INSTRUCTIONS TO FOLLOW - What lines below mention the word "white"? Copy each one.

Web page caption snippets:

================

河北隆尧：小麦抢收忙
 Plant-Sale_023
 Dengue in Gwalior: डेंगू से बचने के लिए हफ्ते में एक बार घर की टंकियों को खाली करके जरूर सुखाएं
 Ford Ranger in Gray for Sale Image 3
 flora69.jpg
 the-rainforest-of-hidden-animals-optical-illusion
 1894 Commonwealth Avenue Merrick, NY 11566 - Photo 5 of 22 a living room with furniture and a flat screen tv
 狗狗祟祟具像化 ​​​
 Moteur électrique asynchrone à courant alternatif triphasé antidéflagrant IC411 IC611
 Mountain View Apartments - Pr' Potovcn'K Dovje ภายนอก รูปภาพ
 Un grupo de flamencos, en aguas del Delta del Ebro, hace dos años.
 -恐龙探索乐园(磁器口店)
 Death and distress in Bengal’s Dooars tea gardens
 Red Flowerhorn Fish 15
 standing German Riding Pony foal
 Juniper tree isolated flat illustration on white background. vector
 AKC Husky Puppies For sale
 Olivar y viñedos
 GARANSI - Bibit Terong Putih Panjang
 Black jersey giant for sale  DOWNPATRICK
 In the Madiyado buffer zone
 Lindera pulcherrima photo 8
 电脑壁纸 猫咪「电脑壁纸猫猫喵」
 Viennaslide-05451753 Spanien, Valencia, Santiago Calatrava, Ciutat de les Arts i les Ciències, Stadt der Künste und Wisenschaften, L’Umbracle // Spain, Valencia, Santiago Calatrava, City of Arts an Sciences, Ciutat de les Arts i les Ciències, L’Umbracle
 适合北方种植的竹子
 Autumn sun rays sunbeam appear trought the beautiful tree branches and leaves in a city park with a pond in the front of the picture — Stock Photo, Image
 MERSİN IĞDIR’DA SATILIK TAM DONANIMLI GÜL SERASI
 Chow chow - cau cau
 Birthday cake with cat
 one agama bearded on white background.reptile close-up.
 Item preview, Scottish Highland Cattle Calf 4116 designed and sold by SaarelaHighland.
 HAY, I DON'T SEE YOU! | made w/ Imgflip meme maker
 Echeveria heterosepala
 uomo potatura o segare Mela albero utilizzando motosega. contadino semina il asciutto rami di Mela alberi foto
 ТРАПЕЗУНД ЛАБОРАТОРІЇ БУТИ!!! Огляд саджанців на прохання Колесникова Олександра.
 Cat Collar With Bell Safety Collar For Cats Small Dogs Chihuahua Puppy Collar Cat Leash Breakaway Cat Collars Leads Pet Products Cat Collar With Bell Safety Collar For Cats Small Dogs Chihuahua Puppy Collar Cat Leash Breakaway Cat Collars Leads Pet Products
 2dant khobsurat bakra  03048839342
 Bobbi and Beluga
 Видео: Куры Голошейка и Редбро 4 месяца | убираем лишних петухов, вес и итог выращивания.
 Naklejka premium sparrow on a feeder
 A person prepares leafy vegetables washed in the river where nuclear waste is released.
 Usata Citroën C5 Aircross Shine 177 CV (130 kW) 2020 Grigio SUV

================

RESPONSE AREA -
 Juniper tree isolated flat illustration on white background. vector
 one agama bearded on white background.reptile close-up.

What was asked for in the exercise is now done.